WORK TO BE COMPLETED: Only the lines from the one with "Rabbit HSP27 Antibody" to the end of the data, both ends included, should be output, exactly as they stand and without pictures.

SUPPLIED RECORDS:
■ ■ ■

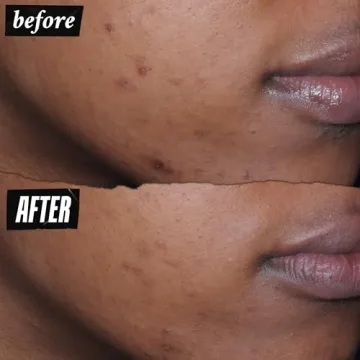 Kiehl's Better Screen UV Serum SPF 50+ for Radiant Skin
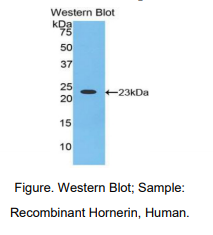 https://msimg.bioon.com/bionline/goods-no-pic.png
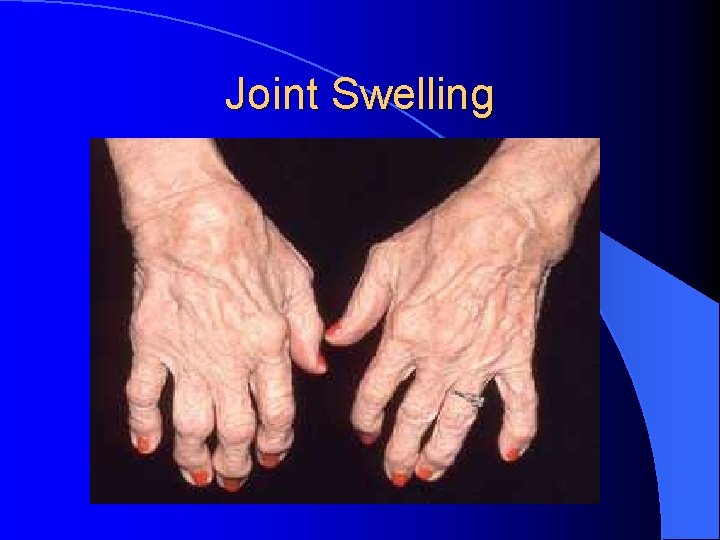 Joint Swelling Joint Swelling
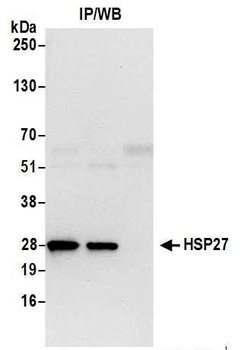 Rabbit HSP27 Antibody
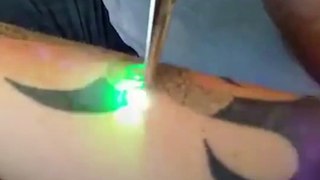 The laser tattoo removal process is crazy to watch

■ ■ ■

ANSWER BOX:
 Rabbit HSP27 Antibody
 The laser tattoo removal process is crazy to watch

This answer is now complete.